We could re-write this regex in pseudo-English as [start of line][one or more digits][end of line]
.
Pretty simple right?
We could replace
[0-9]
with\d
, which will do the same thing (match any digit).
The great thing about this expression (and regular expressions in general) is that it can be used, without much modification, in any programing language.
To demonstrate we'll now quickly go through how to perform this simple regex search on a text file using 16 of the most popular programming languages.
We can use the following input file (test.txt
) as an example.
1234
abcde
12db2
5362
1
Each script will read the test.txt
file, search it using our regular expression, and print the result ('1234', '5362', '1'
) to the console.
const fs = require('fs')
const testFile = fs.readFileSync('test.txt', 'utf8')
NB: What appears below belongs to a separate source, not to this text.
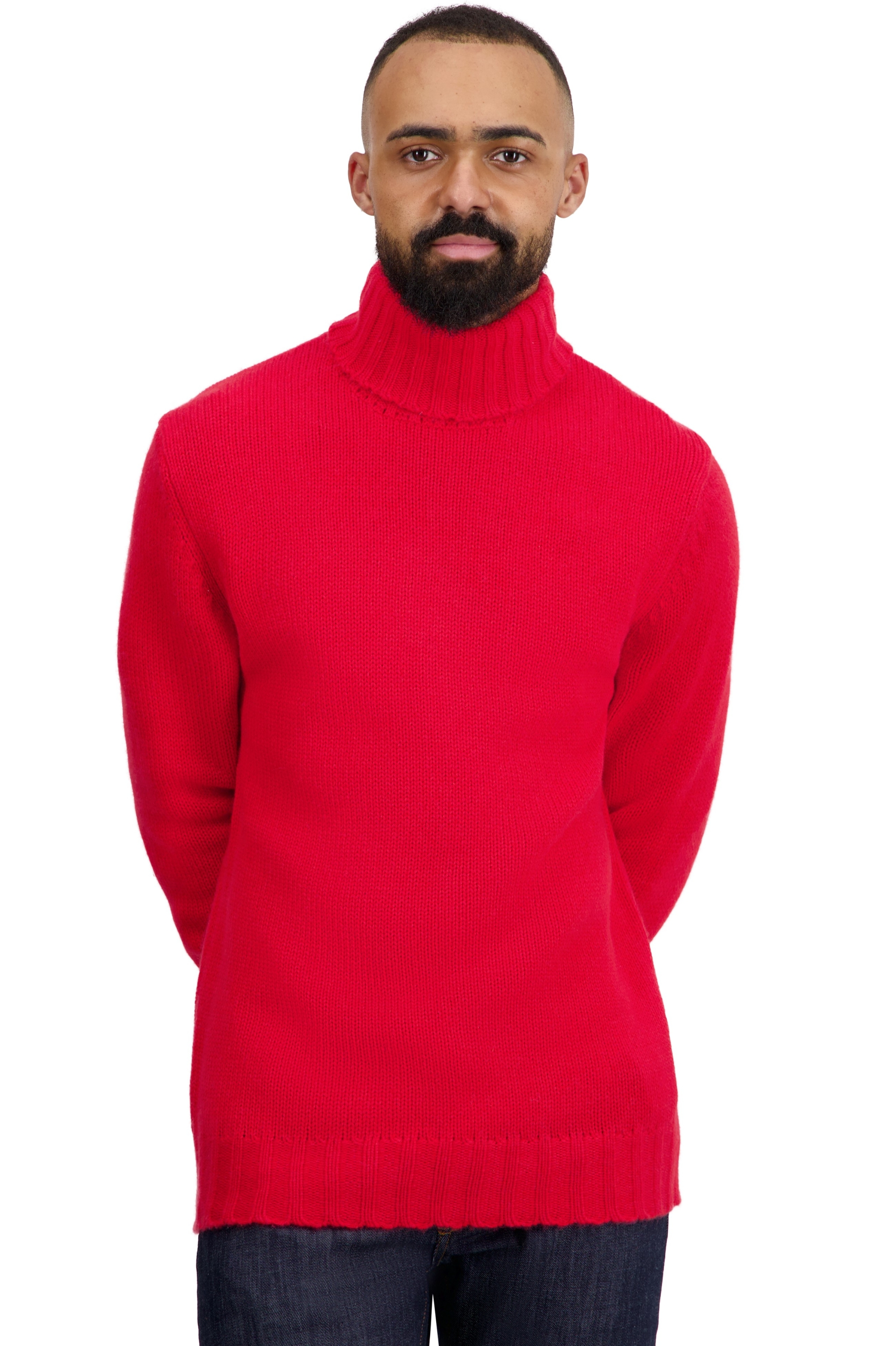 Cashmere men chunky sweater achille rouge s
const regex = /^([0-9]+)$/gm
let results = testFile.match(regex)
console.log(results)
import re
with open('test.txt', 'r') as f:
test_string = f.read()
regex = re.compile(r'^([0-9]+)$', re.MULTILINE)
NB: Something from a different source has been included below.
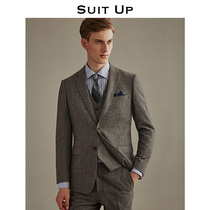 Spring wool suit slim gray top single West fishbone pattern business casual suit jacket men British retro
result = regex.findall(test_string)
print(result)
fileLines <- readLines("test.txt")
results <- grep("^[0-9]+$", fileLines, value = TRUE)
print (results)
File.open("test.txt", "rb") do |f|
test_str = f.read
re = /^[0-9]+$/m
test_str.scan(re) do |match|
puts match.to_s
end
end
import Text.Regex.PCRE
main = do
fileContents <- readFile "test.txt"
let stringResult = fileContents =~ "^[0-9]+$" :: AllTextMatches [] String
print (getAllTextMatches stringResult)
open my $fh, '<', 'test.txt' or die "Unable to open file $!";
read $fh, my $file_content, -s $fh;
close $fh;
my $regex = qr/^([0-9]+)$/mp;
my @matches = $file_content =~ /$regex/g;
print join(',', @matches);
<?php
$myfile = fopen("test.txt", "r") or die("Unable to open file.");
$test_str = fread($myfile,filesize("test.txt"));
fclose($myfile);
$re = '/^[0-9]+$/m';
preg_match_all($re, $test_str, $matches, PREG_SET_ORDER, 0);
var_dump($matches);
?>
package main
import (
"fmt"
"io/ioutil"
"regexp"
)
func main() {
testFile, err := ioutil.ReadFile("test.txt")
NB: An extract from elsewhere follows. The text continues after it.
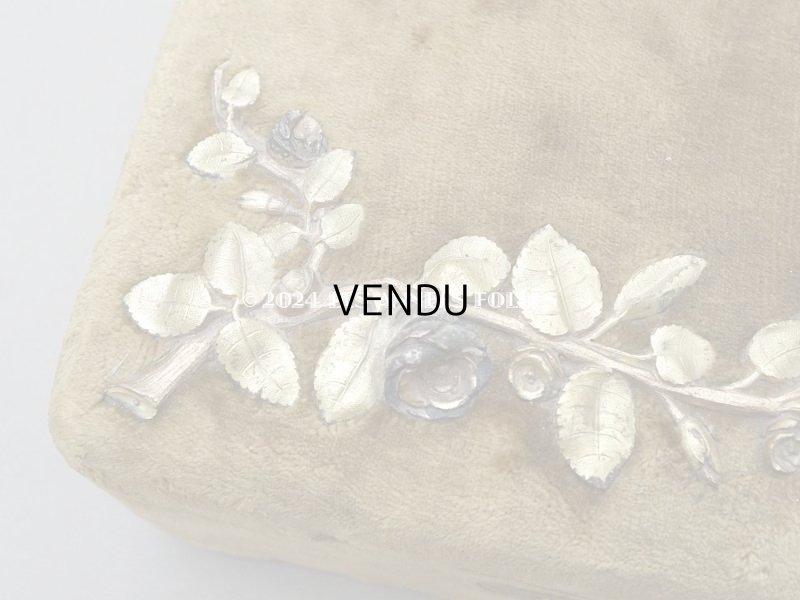 画像5: 19世紀末 アンティーク 裁縫箱&ジュエリーボックス　カーキ ベルベット＆シルククッション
if err != nil { fmt.Print(err) }
testString := string(testFile)
var re = regexp.MustCompile(`(?m)^([0-9]+)$`)
var results = re.FindAllString(testString, -1)
fmt.Println(results)
}
import java.util.regex.Matcher;
import java.util.regex.Pattern;
import java.io.IOException;
import java.nio.file.Files;
import java.nio.file.Paths;
import java.util.ArrayList;
class FileRegexExample {
public static void main(String[] args) {
try {
String content = new String(Files.readAllBytes(Paths.get("test.txt")));
Pattern pattern = Pattern.compile("^[0-9]+$", Pattern.MULTILINE);
Matcher matcher = pattern.matcher(content);
ArrayList<String> matchList = new ArrayList<String>();
while (matcher.find()) {
matchList.add(matcher.group());
}
System.out.println(matchList);
} catch (IOException e) {
e.printStackTrace();
}
}
}
import java.io.File
import kotlin.text.Regex
import kotlin.text.RegexOption
val file = File("test.txt")
val content:String = file.readText()
val regex = Regex("^[0-9]+$", RegexOption.MULTILINE)
val results = regex.findAll(content).map{ result -> result.value }.toList()
println(results)
import scala.io.Source
import scala.util.matching.Regex
object FileRegexExample {
def main(args: Array[String]) {
val fileContents = Source.fromFile("test.txt").getLines.mkString("\n")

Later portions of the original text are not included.